For more than forty years, The Seventh Seal has been a benchmark by which all other great foreign films are judged. It launched the international career of its director, Ingmar Bergman, and made a star of its 27-year-old leading actor, Max von Sydow.
The Seventh Seal and the other Bergman masterpieces that soon followed it—Wild Strawberries, The Magician, and The Virgin Spring—were as important to the development of world cinema as the New Wave in France or the work of Fellini, Antonioni and Bertolucci in Italy. Bergman’s work proved that essential philosophical and human issues could be explored on film and still reach a wide audience.
The miracle is that Bergman’s genius enabled him to reflect the trepidation of the Cold War era and yet also transcend it, so that The Seventh Seal continues to enthrall each new generation with its complex investigation of love, self-sacrifice, and the problems of pain and death.
At first glance, the film would appear insufferable. It is set in the Middle Ages at a time when the plague was ravaging Europe, orthodox religion was locked in the battle with paganism and the disillusionment brought about by the Crusades, and it describes a knight’s doomed attempt to forestall death. Yet nearly everyone who sees The Seventh Seal emerges stunned and thrilled by its visual splendors, and inspired by one or other of the major characters.
The Seventh Seal takes its title from the Book of Revelation, and in 1956 the threat of Apocalypse seemed as palpable as it must have been in medieval Sweden. Yet Bergman refuses to succumb to the pessimism that pervades all those about him; he identifies now with the zealous knight, now with his cynical squire.
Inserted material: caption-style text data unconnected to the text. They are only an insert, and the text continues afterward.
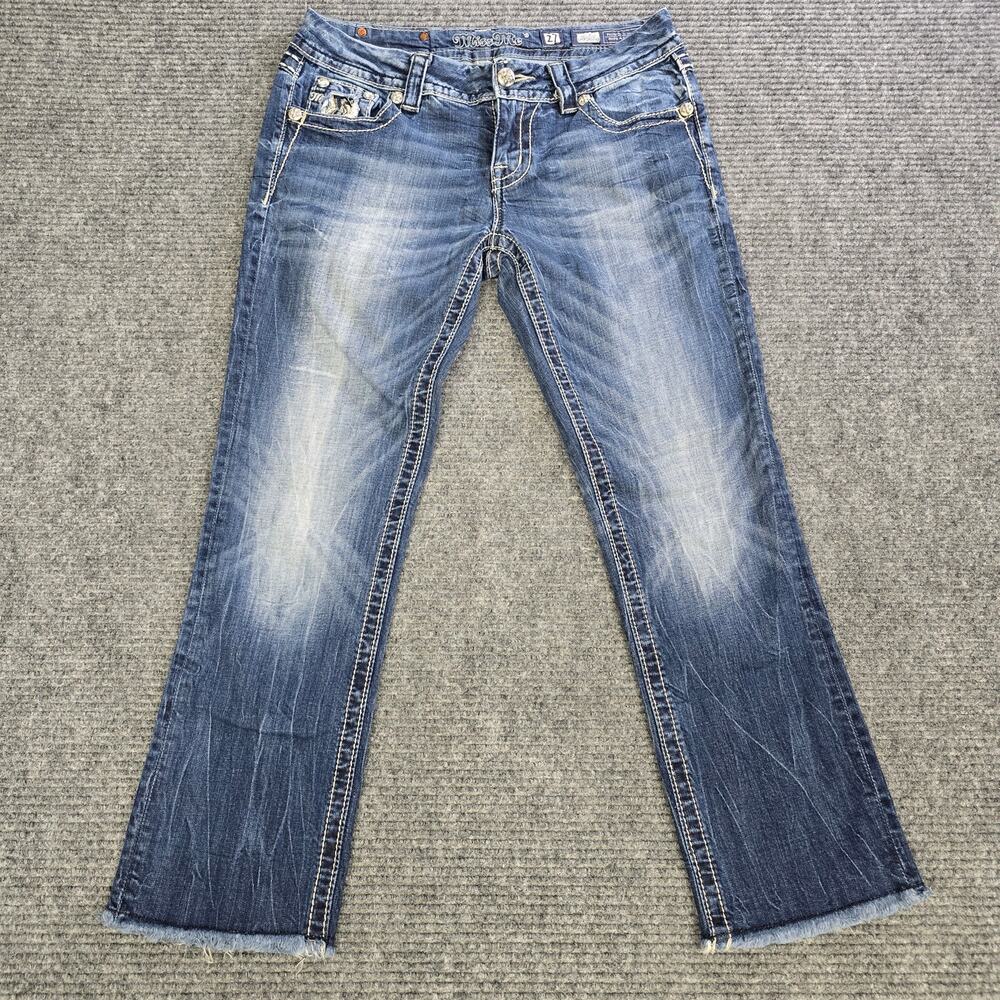 Miss Me Easy Cropped Jeans Womens 27 Blue Mid Rise Embellished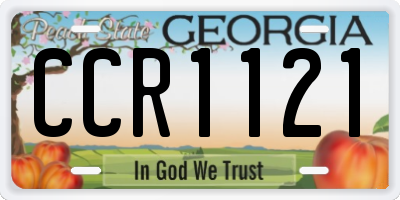 GA license plate CCR1121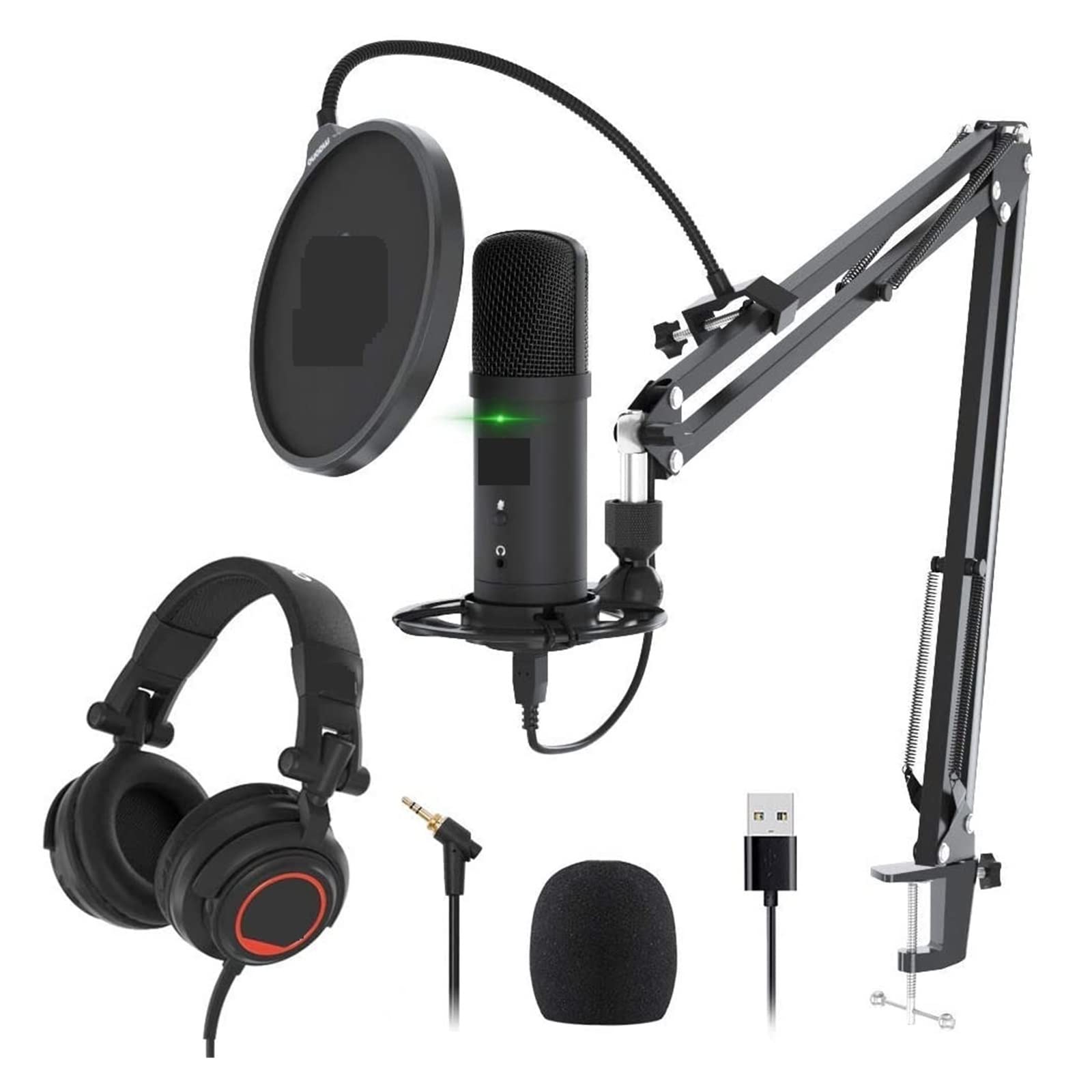 Microphone USB haute résolution PM401H et casque de monitoring pour studio de podcast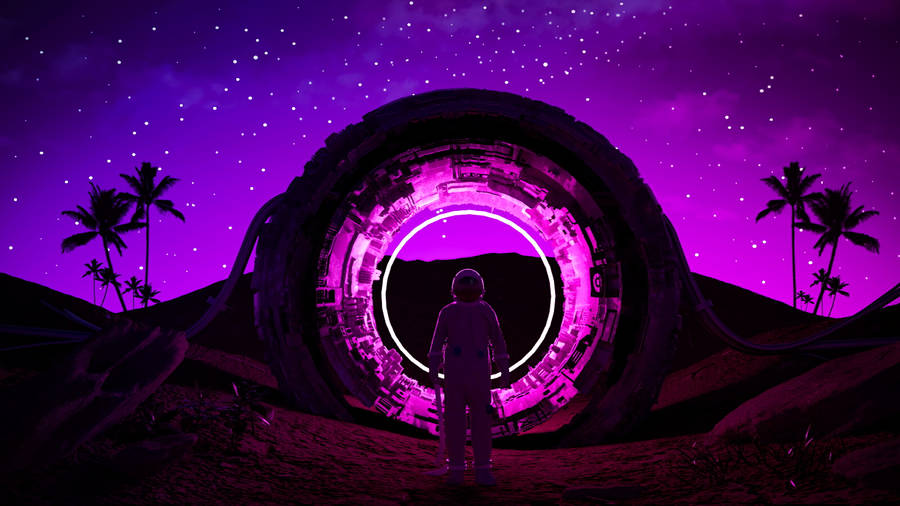 Dark Neon Pink And Purple Astronaut Wallpaper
His characters manage to overcome the fear of Death, rather than the fact of Death, and if, as the knight discovers, one can achieve even a single gesture of goodwill, then the long struggle of life will be justified.
The 1950s was Bergman’s most fruitful decade. He made The Seventh Seal while attached to the Malmö Municipal Theater in southern Sweden. It was a hectic round of stagework in winter, and filmmaking in summer. Bergman used the same loyal troupe of performers and technicians from film to film and from play to play. The Seventh Seal itself grew out of a short morality play Bergman had written during the early 1950s, but such is his imaginative use of real locations, and so fluent his montage, that any notion of theatricality is banished from the screen. The film abounds with images that have become instantly recognizable emblems of world cinema—the knight Antonius Block confronting Death across a chessboard, the procession of the flagellants, or the “Dance of Death” against the louring skyline in the final moments.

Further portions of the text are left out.